Dr. Crane received his Ph.D. in economics from Indiana University in 1983. He was an Adjunct Professor in the Department of Economics at Georgetown University in 2001-2002 and in the George Mason University public policy program between 1998 and 2000. He has served as a faculty member of the RAND-UCLA Center for the Study of Soviet International Behavior and as a Fulbright Professor at the Central School of Planning and Statistics in Warsaw, Poland.
What are the linkages between imported oil and national security?
As a nation, we consume about 25 percent of all the oil produced, yet we produce only about 10 percent of the world’s oil. That gap means that, as a nation, we rely on imported oil, which, in turn, has economic, political, and military consequences for national security.
What are some of these consequences?
As examples, economically, a surge in world oil prices can push the U.S. economy into recession; politically, some oil exporters use export revenues to influence other countries in ways inimical to U.S. interests; and militarily, the need to field forces to protect the supply and transit of oil from the Persian Gulf adds costs to the U.S. defense budget.
How do we determine which policies make the most sense in reducing these impacts?
The U.S. government should pursue policies to increase supply and reduce demand, but such policies need to be assessed in terms of both their costs and their benefits.
Based on your assessment of costs and benefits, what supply- and demand-side options make the most economic sense?
On the supply-side, U.S. policy should continue to support well-functioning oil markets and refrain from imposing price controls or rationing during times of severe disruptions in supply. It also makes sense to publicly articulate when and how the nation’s strategic petroleum reserve will be tapped if global oil supplies are disrupted and to change the current law to remove the need to declare a national emergency to use it. Finally, it also makes sense to ensure that licensing and permitting procedures for drilling and producing oil and building facilities to manufacture synthetic and renewable fuels are clear, efficient, balanced in addressing costs and benefits, consistent with national environmental objectives, and transparent.

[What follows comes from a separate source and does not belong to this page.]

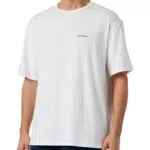 Calvin Klein T-shirt Maniche Corte Uomo Scollo Rotondo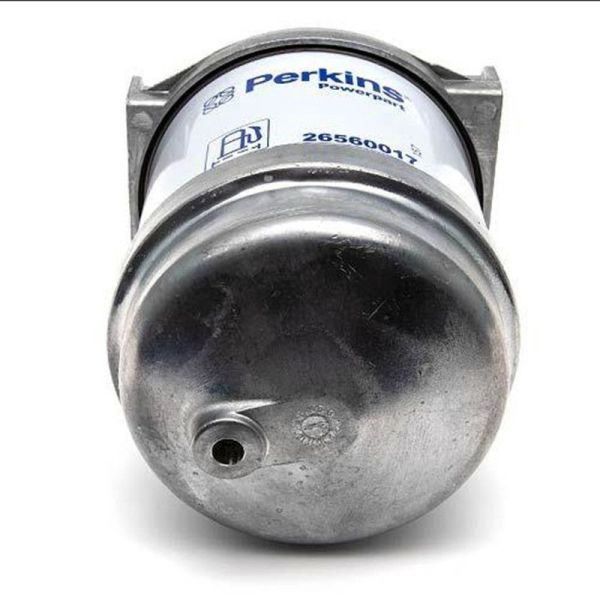 Perkins Engine 404D-22 403C-15 404C-22 Fuel Filter Assembly 2656613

What about on the demand side?
On the demand side, we find that a strong price signal would be most effective. For example, imposing an excise tax on the order of $17 to $31 per barrel of oil would increase fuel economy and soften growth in demand for oil. We estimate that this would reduce U.S. oil consumption by as much as 10 percent, causing U.S. expenditures on oil to fall by between $72 billion and $91 billion per year by 2025. Another demand-side option is to provide more U.S. government funding for research on improving the efficiency with which the U.S. economy uses oil and competing forms of energy.